Déplie le plan jusqu'à son secret, il n'est pas caché. Est-ce qu'il se situe à la frontière de l'offert, mais écarte encore mes paupières, pas devant les yeux : dans leur dos.
Un cordon ombilical s'inverse, pourquoi pas, et va nourrir la terre. L'enfant se verse dans le sol. Tout va bien. Tout est Enfance, et tout est Mort. Le visage de Boonmee !, celui du moine, les espiègleries de la belle sœur. Un buffle se détache de sa dialyse, pour revenir.
Déplie la voix jusqu'à son conte. Elle dit la belle, elle dit la bête, et la honte de n'être plus ni l'une ni l'autre. Elle dit qu'elle ne se souvient plus de tout, mais sans peur, et la douceur de ses phrasés te cloue, pauvre chrétien (même malgré toi).
Fulgurant art de l'évidence, de la simplicité, différent du Kiarostami, autre passerelle de l'inouï.
Déplie le temps jusqu'à sa trêve. Ce n'est pas un rêve puisque c'est là. Mais ne presque pas en croire ses mains. Elles n'en reviendraient peut-être pas.
PS : invitation à lire le billet de Buster, voire l'entretien dans Chronic'art, avec par exemple...
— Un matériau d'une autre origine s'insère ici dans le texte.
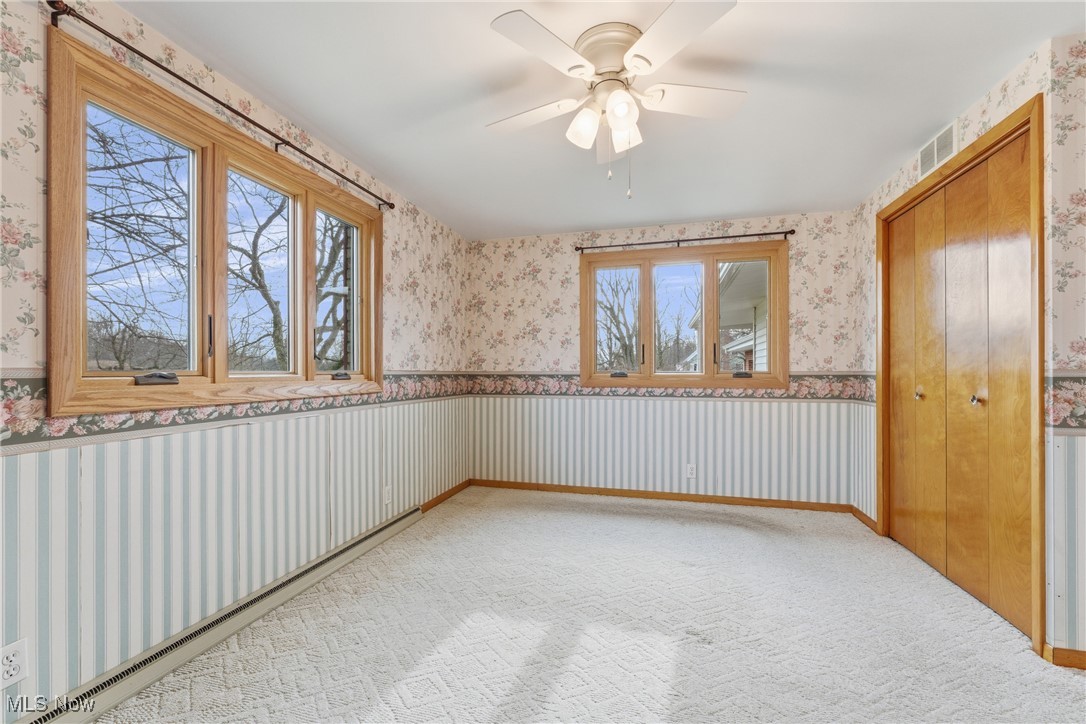 Atwater Township - Residential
"Dans un essai, Ghosts in the darkness, où vous mêlez souvenirs d'enfance et évocations des films qui vous ont marqué, vous définissez les spectateurs de cinéma comme des fantômes, en référence à une histoire qui vous a été rapportée...
C'est une rumeur qui vient d'un village du Nord-Est, une sorte de conte autour d'un opérateur de cinéma ambulant qui projetait les films de village en village. Un soir où il est arrivé tard, il a démarré la projection dans le noir, parce qu'il faisait déjà nuit, et le public est venu s'installer en silence dans la pénombre. Le lendemain matin, la caisse du projectionniste était pleine, les gens avaient payé. Mais celui-ci s'est rendu compte qu'il s'était installé, sans le savoir, dans un cimetière : le public était un public de fantômes, et ils avaient payé pour voir le film… Depuis, on met parfois une pièce dans la bouche des défunts, afin qu'ils puissent aller voir des films. Les fantômes aussi ont besoin de cinéma."
PS du 13 février 2011 : totalement avec le second billet d'Asketoner sur le film.
Billet rétro-publié le 21 janvier 2011.